The described method. 16. The method of claim 15, wherein the humidified gas is passed through the dry powder under conditions that create a fluidized bed in the dry powder. 17. The method of claim 16, wherein the fluidized bed is contained in a column with filters at both ends that is permeable to the humidifying gas but not to the dry powder. 18. The dry powder of claim 16, wherein the dry powder comprises gelatin microspheres.
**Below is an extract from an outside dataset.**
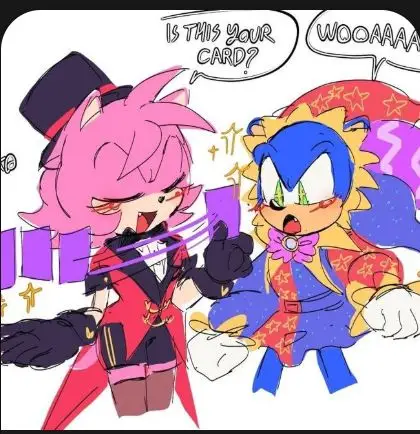 Your future is mine.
The described method. 19. The method of claim 18, wherein said gelatin microspheres encapsulate a drug. 20. The method of claim 19, wherein said agent is ICAM-1 or a fragment, analog or derivative thereof. 21. The method of claim 1, wherein residual solvent is removed from the generated microspheres by the method of claim 14. 22. The method of claim 21, wherein said agent is ICAM-1 or a fragment, analog or derivative thereof. 23. The product of the method of claim 1, wherein said agent is ICAM-1 or a fragment, analog, or derivative thereof. 24. The product of the method of claim 14, wherein said agent is ICAM-1 or a fragment, analog, or derivative thereof. 25. The product of the method of claim 21, wherein said agent is ICAM-1 or a fragment, analog, or derivative thereof. 26. The majority of the microspheres are present as non-aggregated individual particles.
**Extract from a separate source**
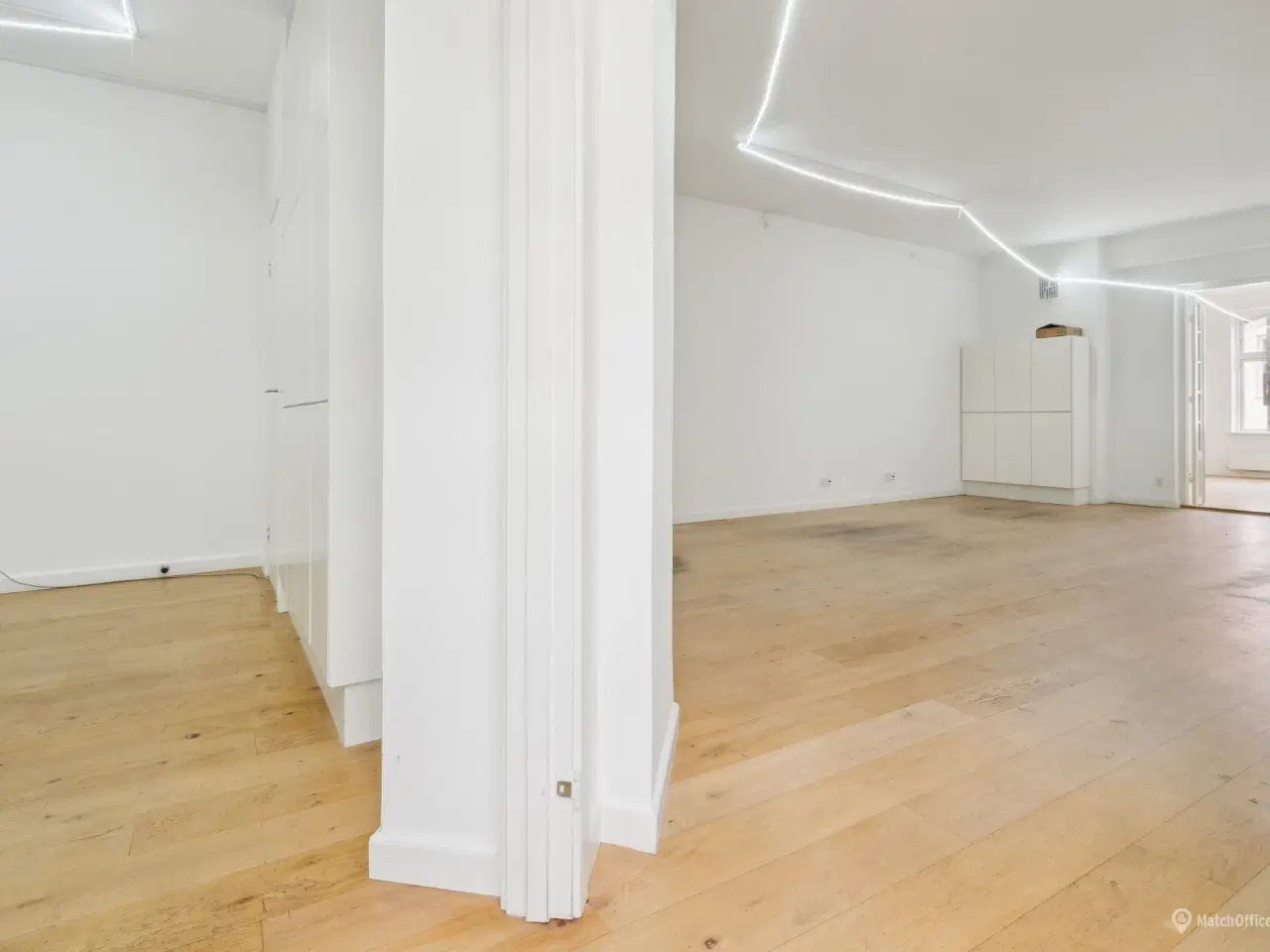 Billede 15 - New Yorker kontor midt på Store Kongensgade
Gelatin microspheres having an average volume particle diameter between 20-80 μm. 27. The gelatin microsphere of claim 26, wherein the percentage of particles having a volume particle diameter of> 100 μm is less than 10% as measured by laser light scattering analysis. 28. The percentage of particles having a volume particle diameter of <10 μm
28. The gelatin microspheres of claim 27, wherein the microspheres are <1% as measured by laser light scattering analysis. 29. An intranasal drug delivery system comprising the gelatin microspheres of claim 26 conjugated to ICAM-1 or a fragment, analog, or derivative thereof.